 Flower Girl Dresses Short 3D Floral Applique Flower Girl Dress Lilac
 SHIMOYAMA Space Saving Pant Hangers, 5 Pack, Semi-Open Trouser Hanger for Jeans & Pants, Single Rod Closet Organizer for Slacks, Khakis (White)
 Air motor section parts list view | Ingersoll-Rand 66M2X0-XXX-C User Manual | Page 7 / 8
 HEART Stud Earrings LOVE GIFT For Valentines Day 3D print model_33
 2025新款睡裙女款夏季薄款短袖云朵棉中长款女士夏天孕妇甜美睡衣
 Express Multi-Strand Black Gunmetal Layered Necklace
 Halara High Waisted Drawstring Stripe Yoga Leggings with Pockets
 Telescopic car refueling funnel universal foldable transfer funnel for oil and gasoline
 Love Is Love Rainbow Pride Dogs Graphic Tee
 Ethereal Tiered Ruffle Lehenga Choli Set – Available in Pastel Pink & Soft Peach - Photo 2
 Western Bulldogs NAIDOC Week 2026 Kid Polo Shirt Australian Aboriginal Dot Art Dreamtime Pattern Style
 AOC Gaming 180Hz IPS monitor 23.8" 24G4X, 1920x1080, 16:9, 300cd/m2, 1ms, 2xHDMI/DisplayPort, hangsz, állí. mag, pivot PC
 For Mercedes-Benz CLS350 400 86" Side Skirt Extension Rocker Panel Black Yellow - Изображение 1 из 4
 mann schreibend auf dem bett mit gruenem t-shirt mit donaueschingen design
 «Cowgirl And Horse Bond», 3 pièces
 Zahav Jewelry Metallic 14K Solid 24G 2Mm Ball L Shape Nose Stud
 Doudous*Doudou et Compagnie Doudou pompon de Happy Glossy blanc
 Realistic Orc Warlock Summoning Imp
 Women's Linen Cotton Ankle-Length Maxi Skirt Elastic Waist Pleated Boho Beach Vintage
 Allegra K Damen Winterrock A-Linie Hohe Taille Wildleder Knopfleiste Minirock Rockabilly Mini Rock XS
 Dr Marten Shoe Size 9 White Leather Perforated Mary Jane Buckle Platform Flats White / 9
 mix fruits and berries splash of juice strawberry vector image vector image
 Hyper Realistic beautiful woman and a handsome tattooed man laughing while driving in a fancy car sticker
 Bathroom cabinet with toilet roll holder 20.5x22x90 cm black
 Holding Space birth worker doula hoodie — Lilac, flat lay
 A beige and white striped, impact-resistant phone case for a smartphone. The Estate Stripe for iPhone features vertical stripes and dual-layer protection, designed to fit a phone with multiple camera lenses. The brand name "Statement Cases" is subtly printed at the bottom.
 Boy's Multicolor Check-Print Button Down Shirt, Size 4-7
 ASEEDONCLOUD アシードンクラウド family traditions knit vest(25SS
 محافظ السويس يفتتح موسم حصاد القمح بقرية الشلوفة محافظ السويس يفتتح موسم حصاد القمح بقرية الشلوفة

━━━━━━━━━━━━━━━━

# [WHAT TO DO]
Copy each line in the listing where "Skirt" appears.

# [EXPECTED OUTPUT]
 For Mercedes-Benz CLS350 400 86" Side Skirt Extension Rocker Panel Black Yellow - Изображение 1 из 4
 Women's Linen Cotton Ankle-Length Maxi Skirt Elastic Waist Pleated Boho Beach Vintage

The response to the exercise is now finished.